Une nouvelle économie, fondée sur l’extraction inversée
Le concept de “nouvelle économie du carbone” repose sur une idée simple mais radicale : à mesure que les émissions historiques continuent de dérégler le climat, il devient nécessaire de les extraire activement de l’atmosphère, et pas uniquement de freiner leur émission.
Ce changement de paradigme implique de déplacer le centre de gravité de l’économie mondiale.
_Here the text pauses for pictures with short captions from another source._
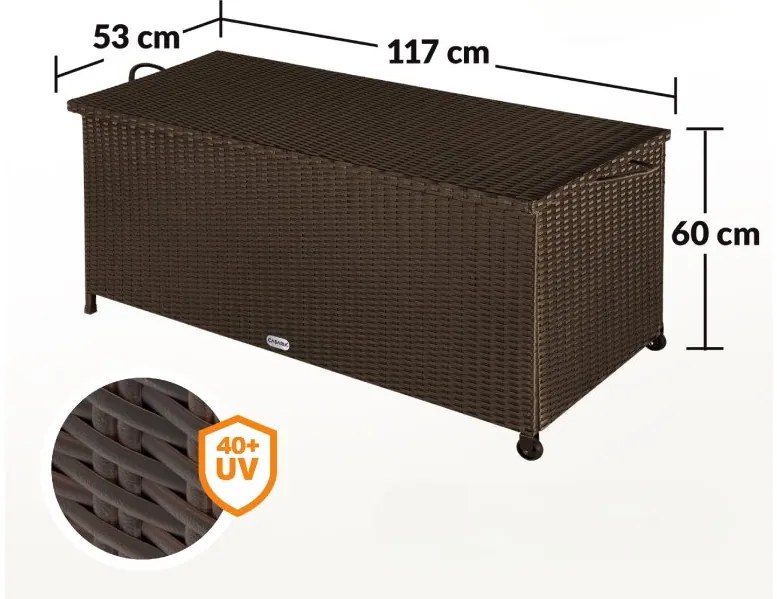 Deuba Cutie de depozitare cu roți 370 L - maro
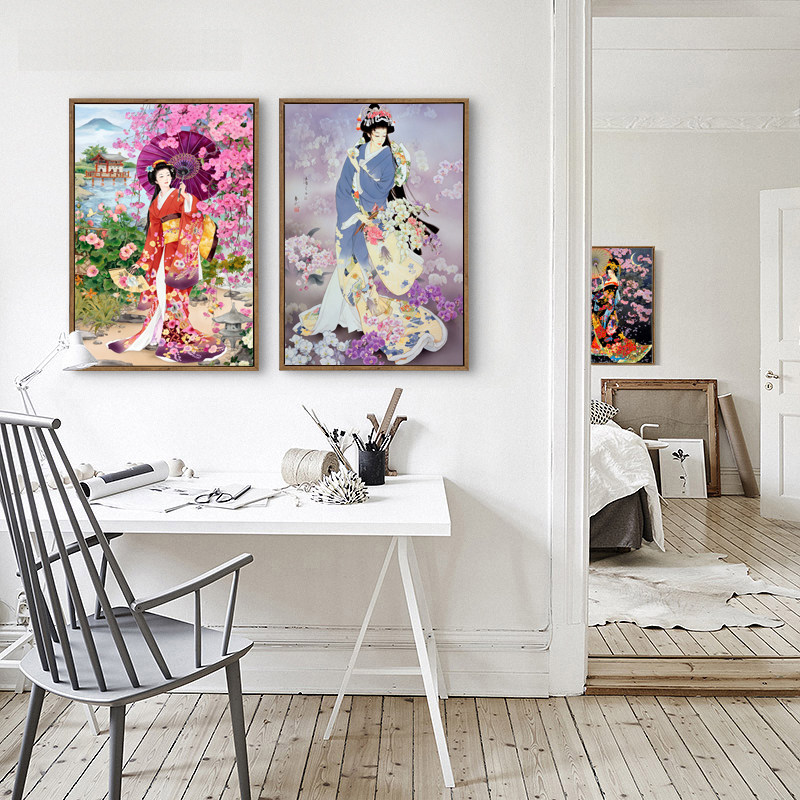 日本浮世绘装饰画日式挂画餐厅酒屋挂画和服日本料理店仕女图壁画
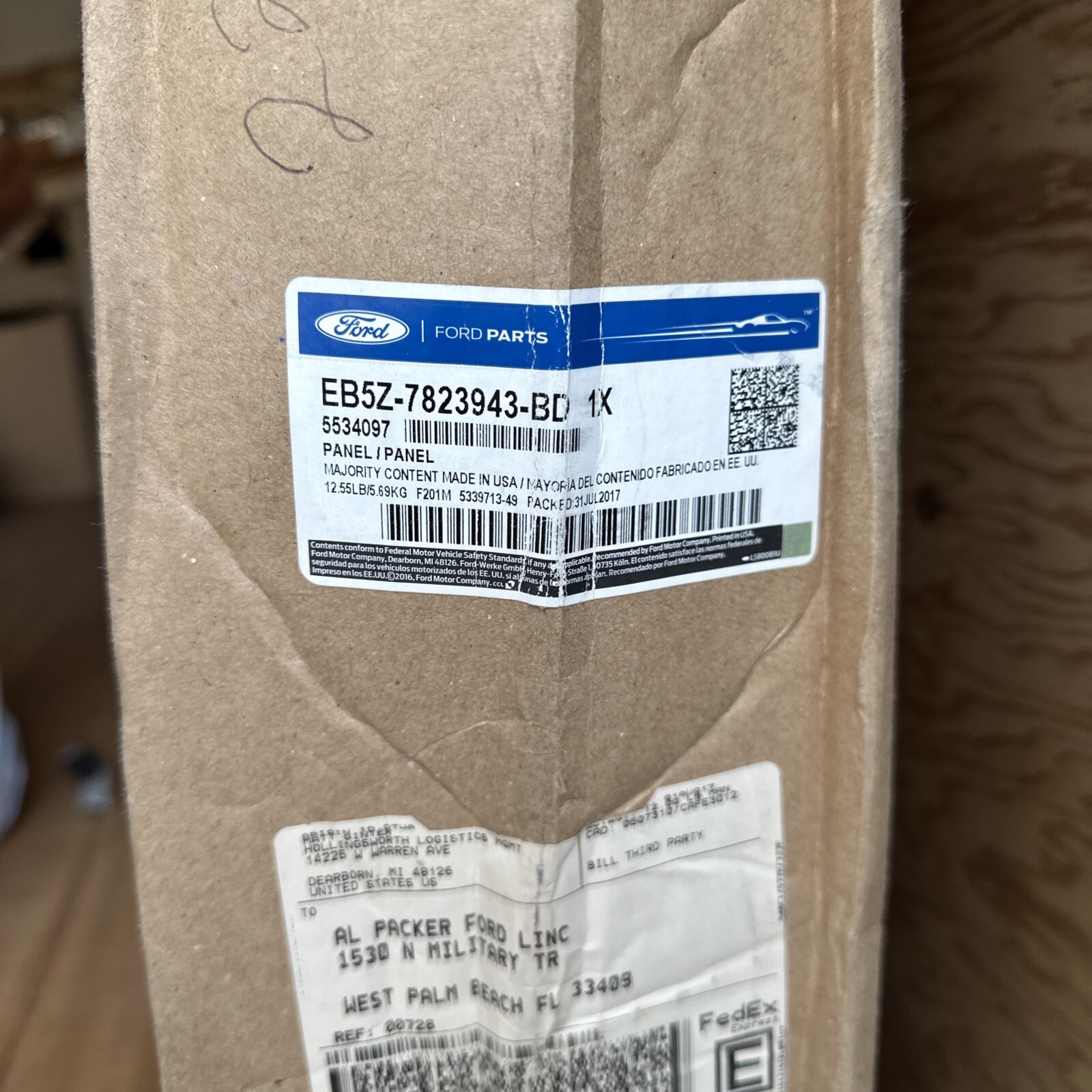 Genuine Ford Panel Door Trim Lower EB5Z-7823943-BD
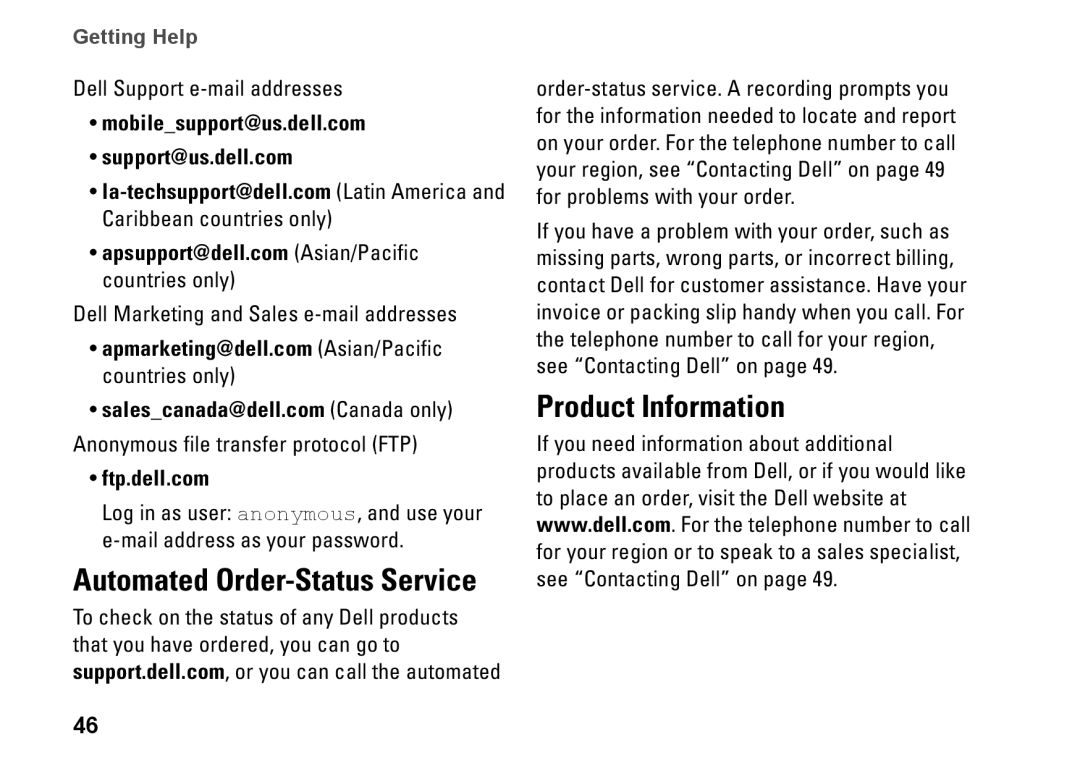 Dell Mini 10, PP19S, 0R891KA01 Product Information, Mobilesupport@us.dell.com Support@us.dell.com, Ftp.dell.com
Là où les siècles précédents ont bâti leur prospérité sur l’extraction de ressources fossiles, le NCEC propose un modèle inverse : extraire du CO₂ pour créer des matériaux, des carburants, de la fertilité agricole, et même de nouveaux métiers.
Klaus Lackner, directeur du Center for Negative Carbon Emissions à l’université d’Arizona, résume cette transition : « Nous voulons passer d’une logique de dégradation à une économie de captation productive, qui transforme les émissions passées en ressources valorisables. »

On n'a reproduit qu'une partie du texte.